Top of DATA TO USE

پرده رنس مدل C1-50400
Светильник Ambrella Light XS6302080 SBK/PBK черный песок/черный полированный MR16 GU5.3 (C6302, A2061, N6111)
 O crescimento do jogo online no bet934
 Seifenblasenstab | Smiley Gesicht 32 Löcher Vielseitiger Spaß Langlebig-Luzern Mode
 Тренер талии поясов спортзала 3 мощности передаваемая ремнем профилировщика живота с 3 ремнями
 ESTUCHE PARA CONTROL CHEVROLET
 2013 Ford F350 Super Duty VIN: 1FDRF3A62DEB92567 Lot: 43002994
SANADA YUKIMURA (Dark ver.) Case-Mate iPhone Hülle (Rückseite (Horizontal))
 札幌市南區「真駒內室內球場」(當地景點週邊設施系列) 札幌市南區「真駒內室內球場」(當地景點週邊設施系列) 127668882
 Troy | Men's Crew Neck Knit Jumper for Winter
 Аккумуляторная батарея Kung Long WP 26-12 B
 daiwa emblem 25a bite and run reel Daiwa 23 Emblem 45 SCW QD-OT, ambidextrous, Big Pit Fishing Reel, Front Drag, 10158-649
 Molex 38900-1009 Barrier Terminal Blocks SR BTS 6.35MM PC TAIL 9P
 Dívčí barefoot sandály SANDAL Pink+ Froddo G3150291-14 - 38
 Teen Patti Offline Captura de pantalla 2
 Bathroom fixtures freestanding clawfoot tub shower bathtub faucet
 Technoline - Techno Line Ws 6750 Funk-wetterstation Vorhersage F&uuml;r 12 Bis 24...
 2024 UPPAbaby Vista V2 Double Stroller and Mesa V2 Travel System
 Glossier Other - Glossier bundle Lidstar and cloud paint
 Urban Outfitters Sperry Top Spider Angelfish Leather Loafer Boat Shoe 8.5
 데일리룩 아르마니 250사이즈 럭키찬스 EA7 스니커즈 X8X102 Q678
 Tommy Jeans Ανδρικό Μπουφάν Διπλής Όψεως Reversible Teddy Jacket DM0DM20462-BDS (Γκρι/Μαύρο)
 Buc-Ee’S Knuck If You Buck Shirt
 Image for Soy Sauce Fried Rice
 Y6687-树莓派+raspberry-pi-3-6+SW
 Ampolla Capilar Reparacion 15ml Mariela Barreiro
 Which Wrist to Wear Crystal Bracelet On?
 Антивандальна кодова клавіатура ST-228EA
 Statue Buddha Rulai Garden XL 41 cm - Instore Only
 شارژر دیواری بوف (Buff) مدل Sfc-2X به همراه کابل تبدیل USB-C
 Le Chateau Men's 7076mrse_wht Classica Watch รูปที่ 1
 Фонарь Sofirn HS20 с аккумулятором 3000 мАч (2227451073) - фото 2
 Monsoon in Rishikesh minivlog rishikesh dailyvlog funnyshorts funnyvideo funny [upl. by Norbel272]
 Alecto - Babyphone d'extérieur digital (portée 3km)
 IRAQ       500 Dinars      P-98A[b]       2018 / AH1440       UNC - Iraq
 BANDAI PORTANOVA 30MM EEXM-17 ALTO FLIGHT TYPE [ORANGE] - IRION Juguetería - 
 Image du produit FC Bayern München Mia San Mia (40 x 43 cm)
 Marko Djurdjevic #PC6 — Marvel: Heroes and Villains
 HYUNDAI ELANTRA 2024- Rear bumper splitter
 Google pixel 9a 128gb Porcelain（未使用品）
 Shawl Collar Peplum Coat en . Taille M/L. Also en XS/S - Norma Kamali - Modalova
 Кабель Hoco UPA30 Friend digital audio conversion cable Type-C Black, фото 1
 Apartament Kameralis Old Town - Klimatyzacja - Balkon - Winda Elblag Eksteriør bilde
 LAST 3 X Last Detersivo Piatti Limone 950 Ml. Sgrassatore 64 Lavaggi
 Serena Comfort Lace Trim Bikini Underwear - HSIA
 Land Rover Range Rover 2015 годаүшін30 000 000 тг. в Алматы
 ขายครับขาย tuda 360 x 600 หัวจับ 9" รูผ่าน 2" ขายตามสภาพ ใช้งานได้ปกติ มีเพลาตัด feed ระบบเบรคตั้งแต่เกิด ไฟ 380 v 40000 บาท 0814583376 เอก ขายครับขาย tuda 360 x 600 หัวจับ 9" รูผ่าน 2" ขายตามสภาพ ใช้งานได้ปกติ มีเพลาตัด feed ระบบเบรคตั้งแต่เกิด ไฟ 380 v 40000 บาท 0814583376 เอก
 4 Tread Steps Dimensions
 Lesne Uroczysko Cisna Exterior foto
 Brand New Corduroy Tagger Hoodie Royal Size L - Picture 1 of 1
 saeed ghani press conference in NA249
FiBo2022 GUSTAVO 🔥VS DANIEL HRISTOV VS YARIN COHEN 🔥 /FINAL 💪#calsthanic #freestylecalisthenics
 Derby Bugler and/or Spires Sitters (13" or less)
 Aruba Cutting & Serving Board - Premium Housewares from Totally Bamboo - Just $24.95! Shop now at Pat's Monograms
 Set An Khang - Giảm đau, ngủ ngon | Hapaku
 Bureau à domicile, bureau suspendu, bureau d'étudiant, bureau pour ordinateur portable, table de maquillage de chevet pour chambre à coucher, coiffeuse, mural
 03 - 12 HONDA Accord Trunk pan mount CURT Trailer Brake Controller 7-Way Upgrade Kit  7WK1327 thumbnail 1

Bottom of DATA TO USE

• INSTRUCTIONS FOR THE TASK: Lines of the material in which the word "digital" occurs are to be copied out.

• WRITTEN SOLUTION:
 Alecto - Babyphone d'extérieur digital (portée 3km)
 Кабель Hoco UPA30 Friend digital audio conversion cable Type-C Black, фото 1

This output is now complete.